Because microalbuminuria is an important predictor of both nephropathy and cardiovascular disease, interventions to prevent or delay microalbuminuria can have a significant impact on morbidity and mortality. The Diabetes Atherosclerosis Intervention Study (DIAS) aimed to reduce diabetic complications through treatment with micronized fenofibrate. The DIAS has already demonstrated that fenofibrate treatment is associated with a significant reduction in the progression of focal coronary atherosclerosis. This study used a representative subsample of 314 DIAS participants to determine whether correction of lipid abnormalities with fenofibrate was an effective method of reducing the progression of urinary albumin excretion among people with type 2 diabetes.

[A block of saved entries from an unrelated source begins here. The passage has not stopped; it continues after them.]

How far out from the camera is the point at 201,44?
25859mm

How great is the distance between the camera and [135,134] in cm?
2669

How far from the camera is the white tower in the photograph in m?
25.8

DIAS study participants had mild or moderate lipid abnormalities but no history of significant renal disease (defined as proteinuria of 500 mg/24 hours or albumin excretion of ≥200 µg, creatinine and/or creatinine levels of ≥1.7 mg/dL for men and ≥1.6 mg/dL for women). Timed overnight urine collections performed by participants were used to assess albumin excretion. Two or 3 baseline measures were taken prior to randomization, then blood and urine samples were collected at yearly intervals after randomization to placebo or 200 mg of micronized fenofibrate for a minimum of 3 years. For the purposes of analysis, participants were divided into 3 categories according to baseline albumin excretion rate: normoalbuminuria (albumin <20 µg/min), microalbuminuria (albumin = 20 µg/min to 200 µg/min), and macroalbuminuria (albumin ≥200 µg/min). All but 3 participants either had normoalbuminuria or microalbuminuria. Analysis of baseline characteristics revealed no significant clinical or biological differences between the placebo and treatment groups.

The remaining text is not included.